MST eschews standard samovar theater for Williams, Shaw
NEW HAVEN, Conn. — The Moscow Sovremennik Theater returned to the U.S. this month — but not on Broadway, where it played in 1996-97 to rave reviews and substantial audiences. Instead, it nestled in among gaming tables and slot machines.
This time out, MST was booked into a casino-resort, betting heavily that East Coast Russians, particularly some high-rollers, would be attracted to this new Borscht belt of legit fare. For the four-perf weekend gig Nov. 18-20 at Foxwoods Resort and Casino in eastern Connecticut, the company eschewed standard samovar theater for Tennessee Williams and George Bernard Shaw — spoken entirely in Russian and without translation.
MST presented an adaptation of Williams’ “Sweet Bird of Youth” and Shaw’s “Pygmalion” in its 1,400-seat Fox Theater, with a top ticket of $125. Following the quartet of shows, which received Equity and IATSE waivers, and after a few days of sightseeing, the company — consisting of about 50 actors and a support staff and crew of more than 20 — returned to Moscow.
It’s the second time out for Russian theater with roulette. The casino and the New York-based Firebird Group brought the 50-year-old theater company to its entertainment and gambling complex last year, selling out its four shows weeks in advance and attracting 7,800 theatergoers, mostly Russians, for two 20th-century plays, “Three Comrades” and “Difficult People.”
Marina Kovalyov and Rina Kirshner, the mother-daughter team who run Firebird, which doubles as a PR, marketing and consulting company, declined to give specifics of the costs but says the total pricetag runs into the high six figures. Firebird produced and promoted the event, with assistance from the casino.
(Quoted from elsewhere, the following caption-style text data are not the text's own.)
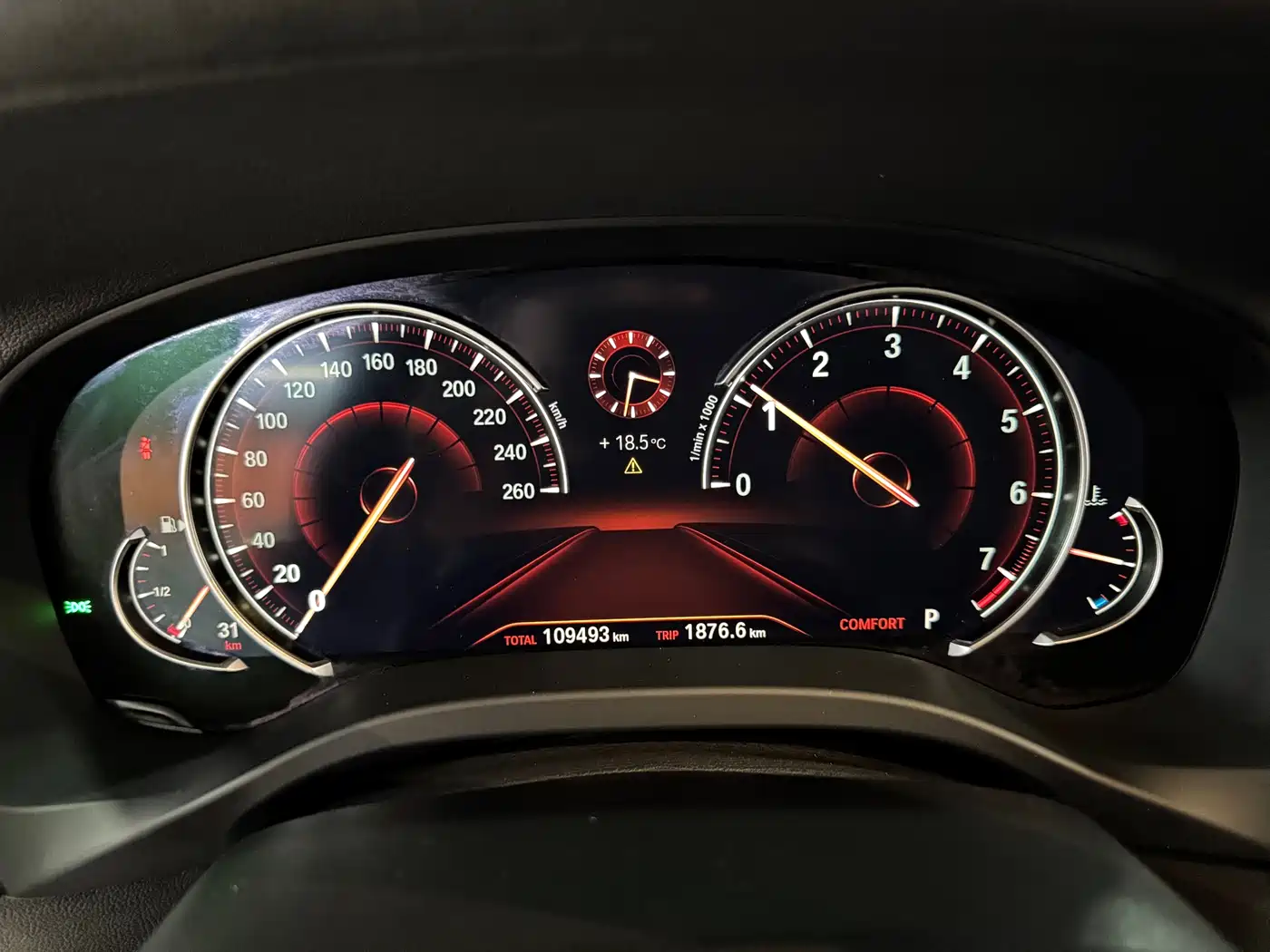 BMW X3 2019 xDrive28i M Sport Package фото 18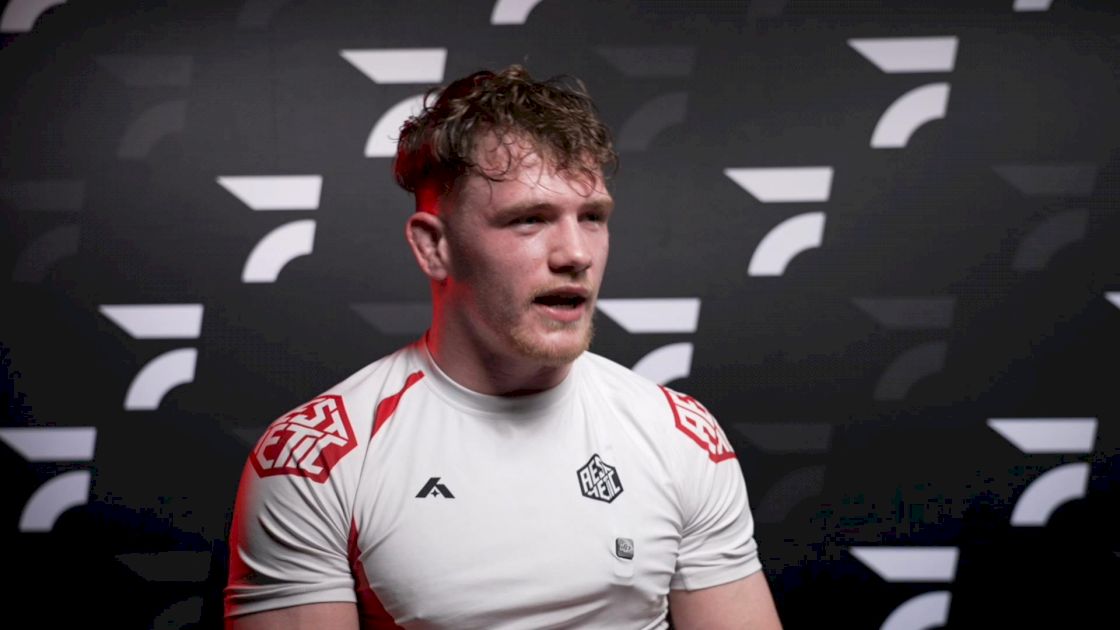 Owen Jones Went 'British D1' In Submission Win At WNO 27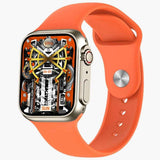 Reloj Inteligente Smartwatch Z59 Ultra Fralugio Touch Nfc Hd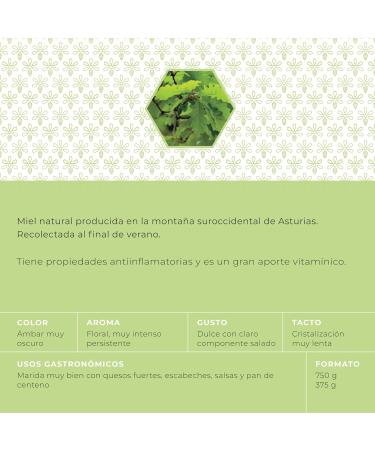 VALLEY ERA Oak Honey 750 g - Buy Online on GoSupps.com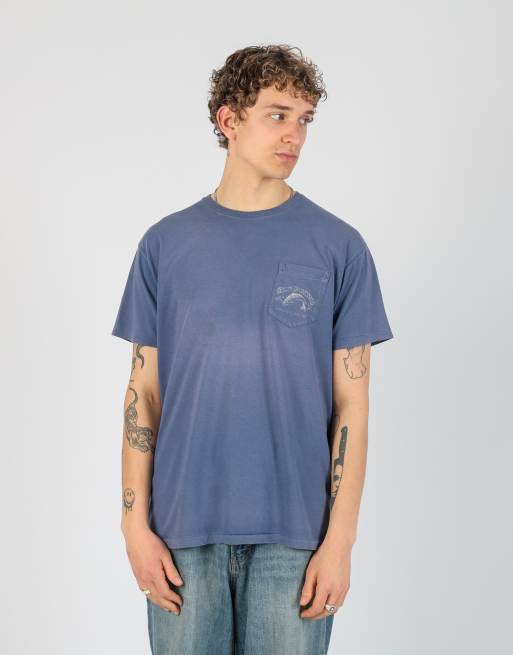 Vintage Polo Ralph Lauren m t-shirt in blue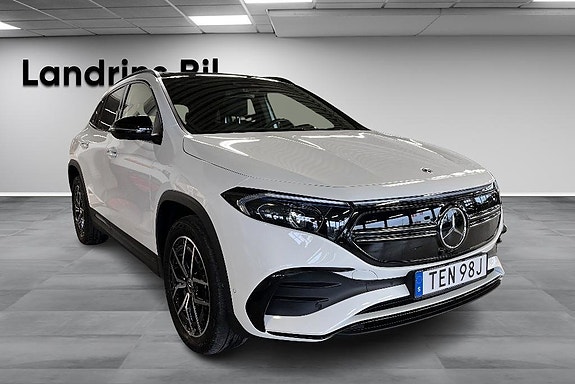 Mercedes-Benz EQA250+ 3 of 25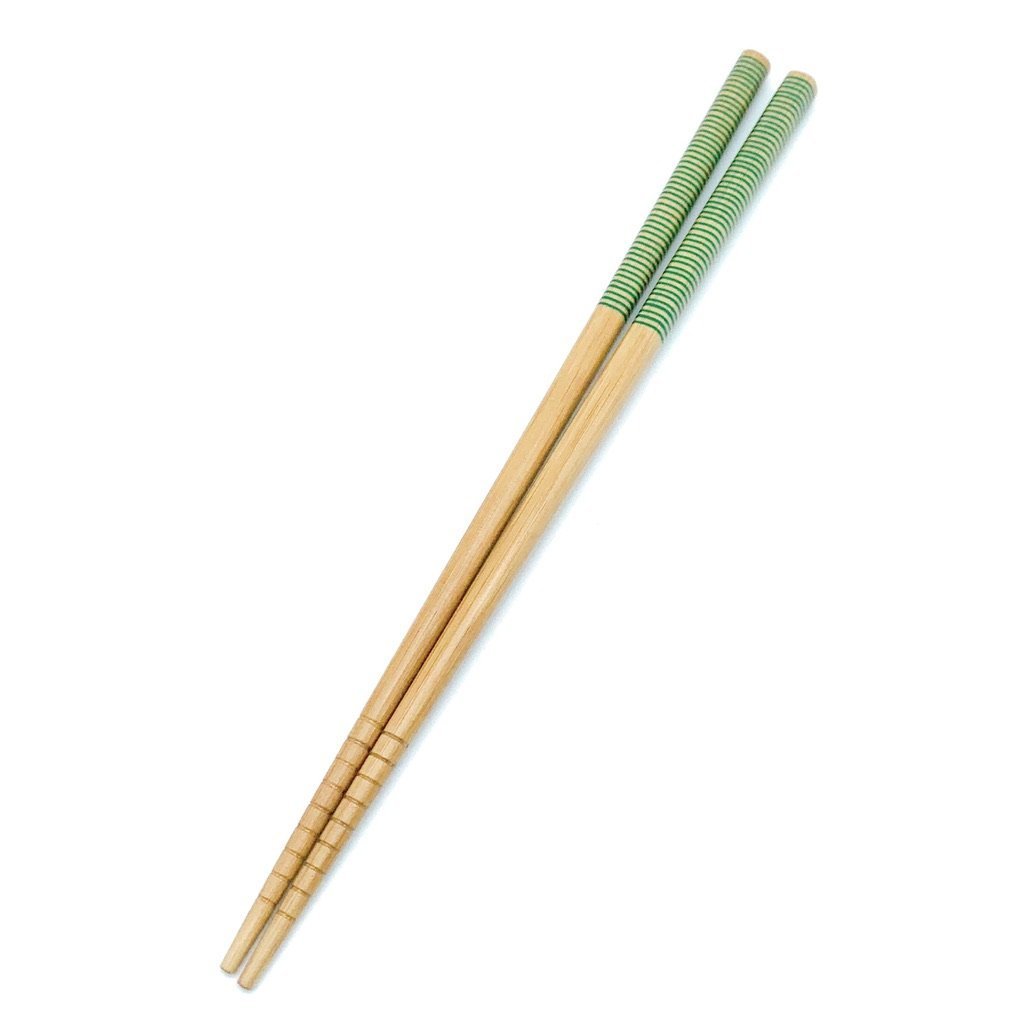 Bamboo Switch Bamboo Chopsticks in Assorted Colors | Set of 2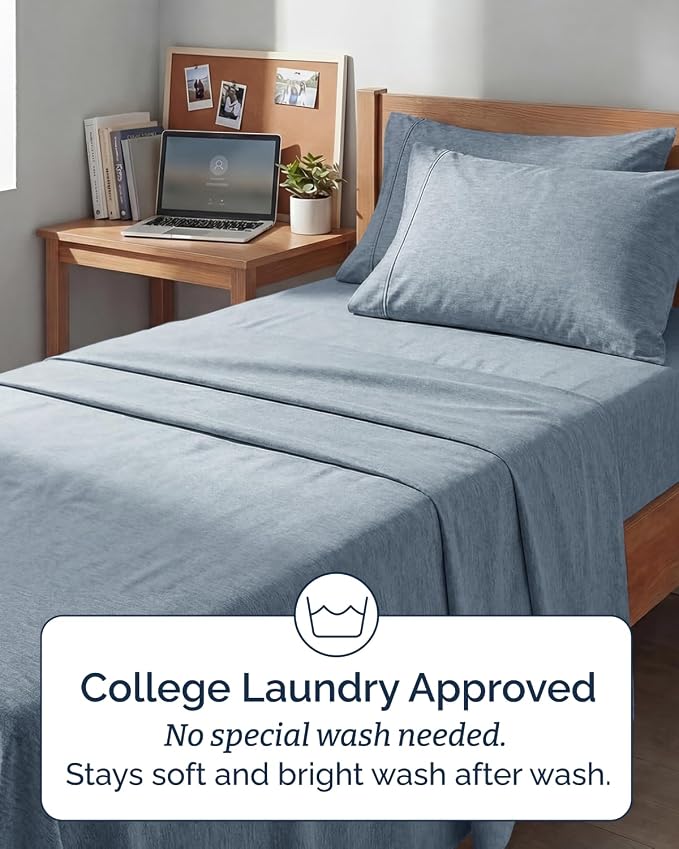 Extra Deep Twin XL Sheet Set - Image 7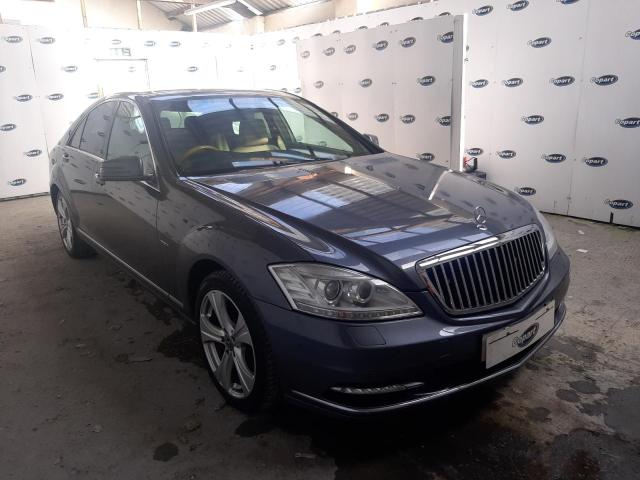 2010 MERCEDES BENZ S350 BLUEE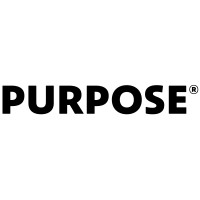PURPOSE® logo - Similar company to Wildplastic®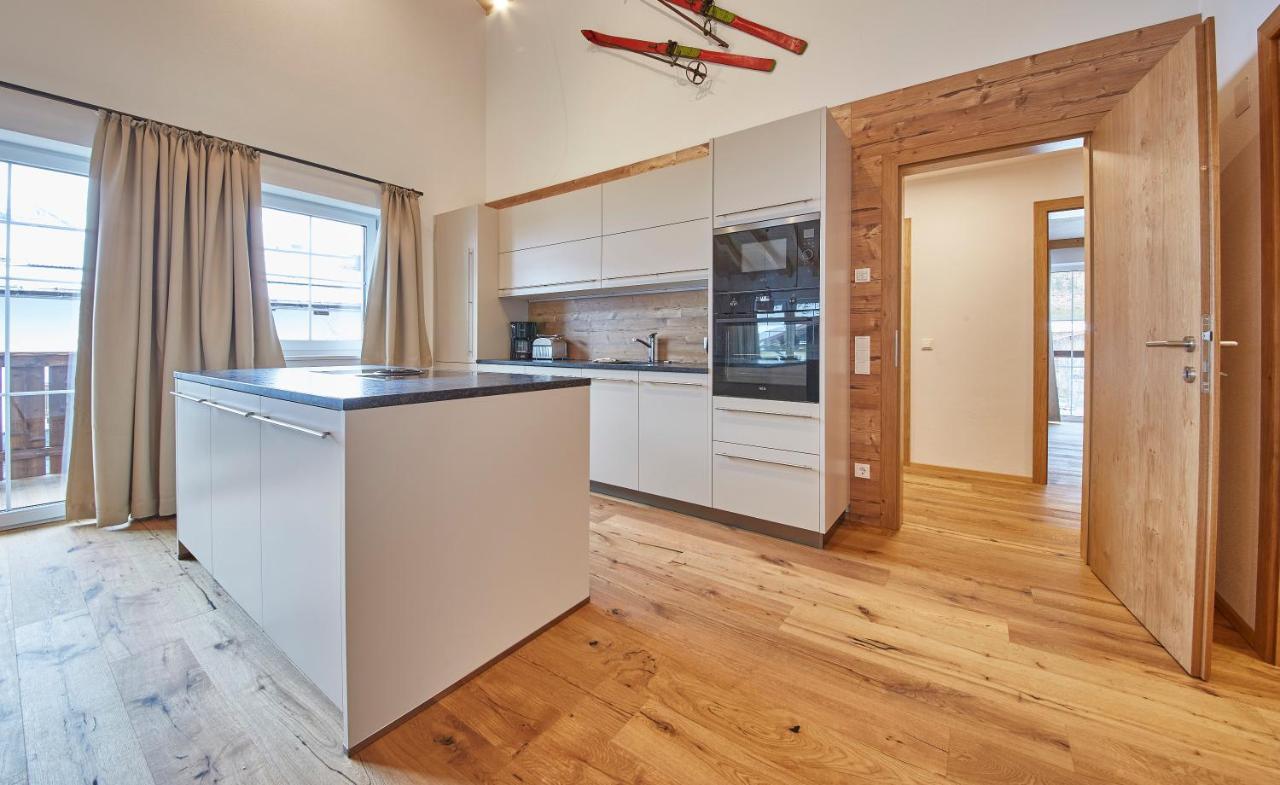 Residenz Der Wieshofer Saalbach-Hinterglemm Kültér fotó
“They are not underwriting,” says Kirshner. “They are assisting to make it happen and in so doing share some of the box office revenue.”
Tom Cantone, vice president of marketing and entertainment for Foxwoods, says last year’s event was a plus for the casino, and that there was a “measurable increase” in gambling during the days of the performance.
Many casinos in Las Vegas, Atlantic City, and Connecticut have presented international acts for Greek, Italian, Asian and Russian audiences, but they have largely been musical, dance and comedy perfs. Only the Russian market, driven by both a history of theater and a love of gambling, has been specifically targeted for legit productions of this type.
Foxwoods and Firebird did a targeted marketing sweep aimed at the estimated 1.5 million Russian population on the East Coast, especially those in New York who traditionally travel to Atlantic City for their gaming. But for non-Russian theatergoers, the company’s reappearance in the U.S. was untrumpeted.
“We really don’t get theater people, so it’s not marketed to general audiences,” Cantone says.
When MST played Broadway in the ’90s with “The Cherry Orchard,” “Three Sisters” and “After the Whirlwind,” it presented legit shows for a sold-out weekend engagement in Atlantic City as well.
Kovalyov and Kirshner say that since the company played Broadway, there have been inquiries to bring the troupe back to the U.S. by major arts institutions like the Kennedy Center. But finances for the large company — which has financial problems of its own due to loss of government subsidy — have made such a return prohibitive.
MST’s latest mini-tour was enabled by Foxwoods’ resources and technical staff, an entrepreneurial model that Firebird intends to replicate with return U.S. visits of the Russian troupe every few years. Kirshner says she hopes to bring the company to the West Coast, which is outside of the casino’s exclusive arrangements.